The Significance of Row-MT
The introduction of Row-MT in libvpx (particularly for
VP9) brought several critical advancements to video encoding:
1. Superior CPU Scaling and Speed
With Row-MT, the encoder is no longer constrained by the number of vertical tiles. Because a video frame contains many more rows than tiles, Row-MT allows the encoder to utilize significantly more CPU cores. For example, a 1080p video has many more horizontal block rows than reasonable tile columns. By distributing these rows across available threads, Row-MT dramatically reduces encoding times on modern multi-core processors.
2. Preservation of Visual Quality and Compression Efficiency
When using tile-based threading, the encoder cannot perform intra-frame prediction across tile boundaries, which harms compression efficiency and can cause visible boundaries between tiles. Row-MT processes the frame as a cohesive unit. While a thread processes a specific row, it waits for the dependency pixels in the row above and to the right to be processed before proceeding. This synchronization preserves the encoder’s ability to reference neighboring blocks, maintaining maximum compression efficiency and visual quality.
3. Lower Latency for Real-Time Streaming
For live streaming and video conferencing (such as WebRTC applications), low latency is critical. Frame-based multi-threading (encoding multiple frames at the same time) introduces input lag because the system must buffer several frames before processing them. Row-MT parallelizes the encoding of a single frame. This allows for high-speed, multi-threaded encoding with zero frame-delay, making it ideal for real-time communication.

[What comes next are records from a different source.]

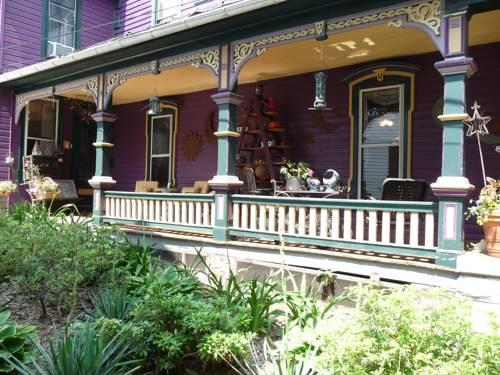 Amethyst Inn - photo 2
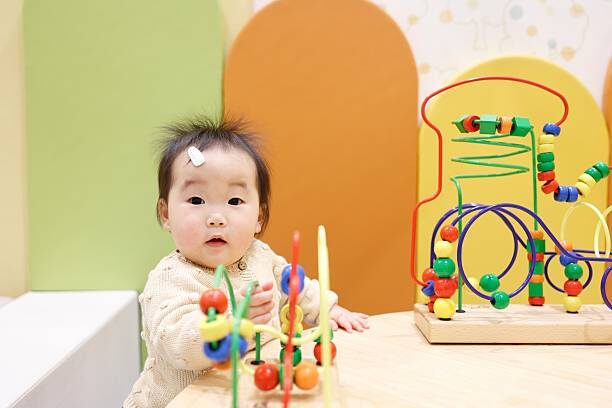 絵本を読む親子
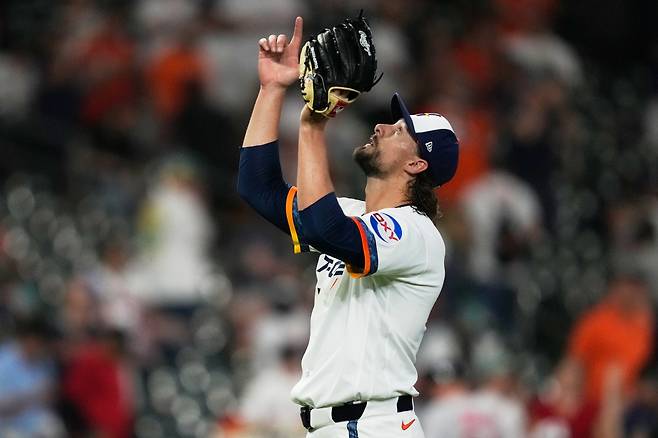 Houston Astros pitcher Ryan Weiss celebrates after winning a baseball game against the Boston Red Sox in Houston, Monday, March 30, 2026. AP연합뉴스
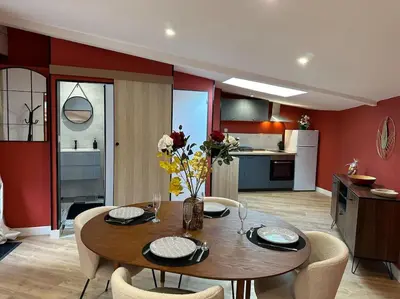 Cuisine ou kitchenette dans l'établissement Loft O'Chalet - 10 min GARE - PARKING PRIVÉ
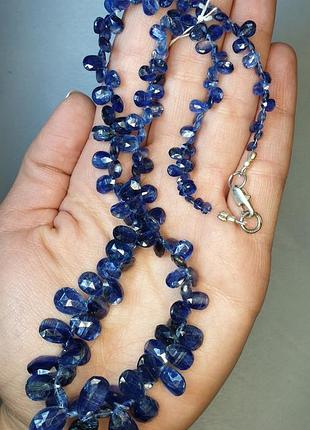 Бусы с кианитом 39,6 г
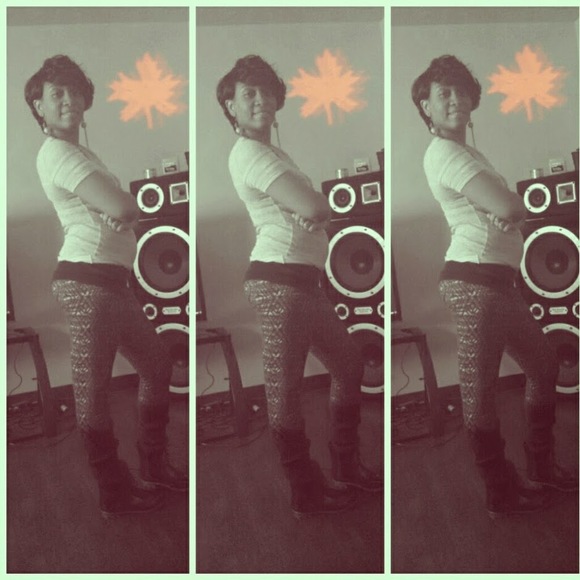 Profile Picture of Cheree Sampson (@chereesampson) on Poshmark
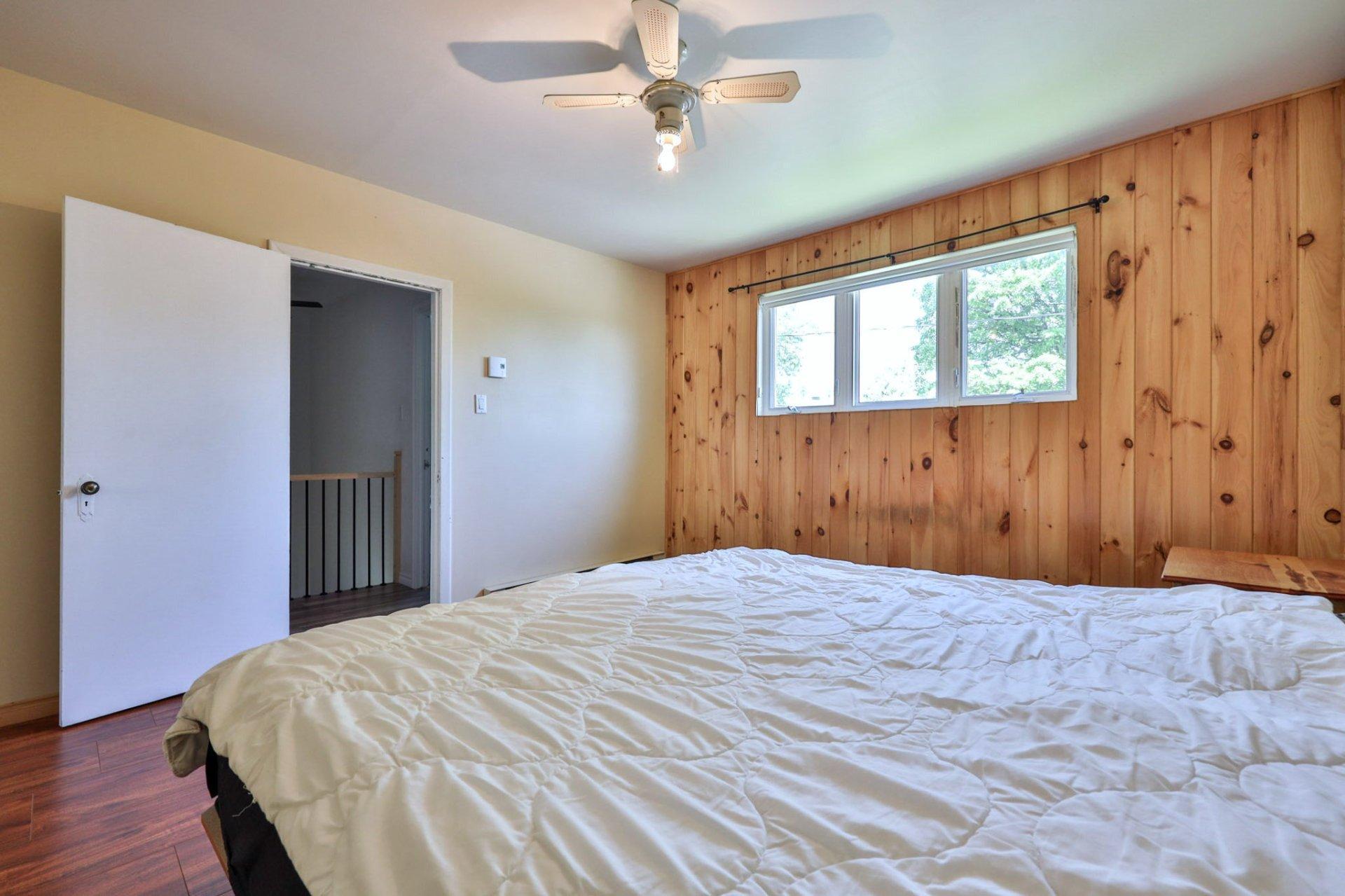 









183


Rue Montcalm

,
Maniwaki,




QC
J9E1T7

4. Efficient Resource Utilization on Consumer Devices
Modern consumer hardware, from smartphones to laptops, relies on
multi-core architectures. Row-MT ensures that even on high-core-count
consumer CPUs, libvpx can fully utilize the hardware during
VP9 encoding. This results in faster software encoding times and
smoother performance when hardware-accelerated VP9 encoding is
unavailable.